Seçimlerde, adı üstünde, en azından iki seçenekten birini kendimize göre haklı sayılacak kriterleri alt alta toplayıp seçmemiz gerekir. Dondurma alırken bile seçim yaparız, etek alırken, bisiklet alırken, otomobil alırken… Arasında tercih yapmak durumunda kaldıklarımızın bedeli pahada ağırlaştıkça, seçim zor olur.
Sizce yaşayacağımız kentle ilgili seçim yaparken, kenti idare etmeye aday yöneticiler arasındaki seçim yapmak eylemi mi bizi daha fazla düşündürür, yoksa iki farklı marka otomobil arasında yapacağımız seçim mi bizi daha fazla düşündürür?
Sizce cepten çıkacak paradan mı yoksa ufkumuzun fakirliğinden mi ikincisi ağır basar? Mal canın yongası, ondan mı acaba… Peki ya, canımız?

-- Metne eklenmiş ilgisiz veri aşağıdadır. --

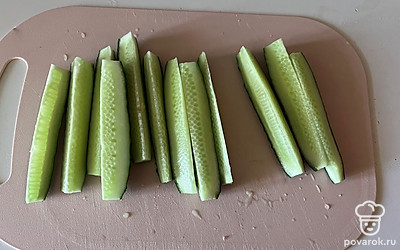 У огурцов срежьте кончики. Каждый огурец разрежьте на 4 части, как показано на фото.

Yerel seçimlerde ne düşünmek gerek? Gelişmiş toplumlar acaba yerel yönetimler bazında hangi konulara kafa yoruyor?
“Yakınlık” şehir hayatında aranan öncelikli koşul. Kentli bireyler bisikletle ulaşımın sağlanabildiği, toplu taşımanın gelişmiş olduğu ve yürüme mesafesinin kısa olduğu yerleşim yerlerini tercih ediyor. Çünkü, ekonomik kriz de bizi “yakınlık” kavramına doğru itiyor…
“Kolay erişim”, sektör bağımsız tüm işletmeler daha iyi daha seri daha odaklı daha farklı üretim yapabilmenin araştırma geliştirmeden, buna bağlı inovasyondan geçtiği bilinciyle hareket ediyor. Yalnızca istihdam ettikleri personelin yeteneklerinden ortaya çıkan fikir bütünüyle değil, akademik çevreye erişimle kendilerini konumlandırıyorlar. Kaliteli gıdaya erişim de çok önemli. “Sıfır kilometre” kavramı büyük kentlerde restoranların kapılarında görünür noktada yerini alıyor. Domatesin, biberin, tavuğun yakın coğrafyadan geldiğini anlatıyor.
“Açık yenilik” denen bir başka kavram, kurumların, diğer kurumlara ve/veya araştırma laboratuvarlarına ve üniversitelere yakın olmalarını simgeliyor. Girişimcilerin hukuk, teknoloji ve finansman hizmetlerine yakın durabilecekleri ama her şeyden önemlisi fikir paylaşımı yapabilecekleri ortamlara ihtiyaç var.
“Yenilik/inovasyon Bölgeleri” Sınırları zorlamaktan kaçınmayan ve durmak bilmeyen küçük büyük bütün şirketlerin bir araya geldiği alanlar. Bu bölgelerde kariyer ağları güçlü… Hem çalışma, hem yaşam alanı olarak çoklu kullanıma hizmet ediyor.
Montreal, Seul, Singapur, Barselona, Medellin, San Diego, Philadelphia, Cambridge, Berlin… gelişen yenilik bölgelerinden sadece birkaçı. Üniversiteleri kucaklayan kentlere yolunuz düşerse buradaki büyümenin ve çoklu gelişimin üniversiteler, araştırma laboratuvarları, teknoloji enstitüleri ve yaratıcı firmaların etrafında toplandığını rahatlıkla gözleyeceksiniz. Lüks konut, pahalı markalar, sayısız AVM’nin yükseldiği tüketim şehirlerinin tersine yenilik bölgeleri; üretimin ve yaratıcılığın teşvik edildiği, gelişimin ve değişimin desteklendiği alanlar.
Eşitsizlik-özgürlük- yenilik! Uzak durmak için bir aşı bulunsa, sıraya girmeye hazır olduğumuz düşünülebilir. Bu masum konseptlere karşı direnç geliştirdiğimiz, kaygılar beslediğimiz bir dönemdeyiz. Tam tersine yaratıcılığı kucaklayan sürdürülebilir hayatlar kurmalıyız. Yerleşim alanları, işsizliğin azalmasında, eğitim fırsatlarının artmasında, sanatla buluşmakta, entelektüel kapasitenin artmasında, bir ülkeye gelen yabancı yatırımcı sayısının fırlamasında katalizör. Kadınların, çocukların, engellilerin, azınlıkların daha fazla hayata katılabileceği platformların yaratılmasını sağlamalıyız.
İşte bunun için önemli yerel yönetim seçimleri.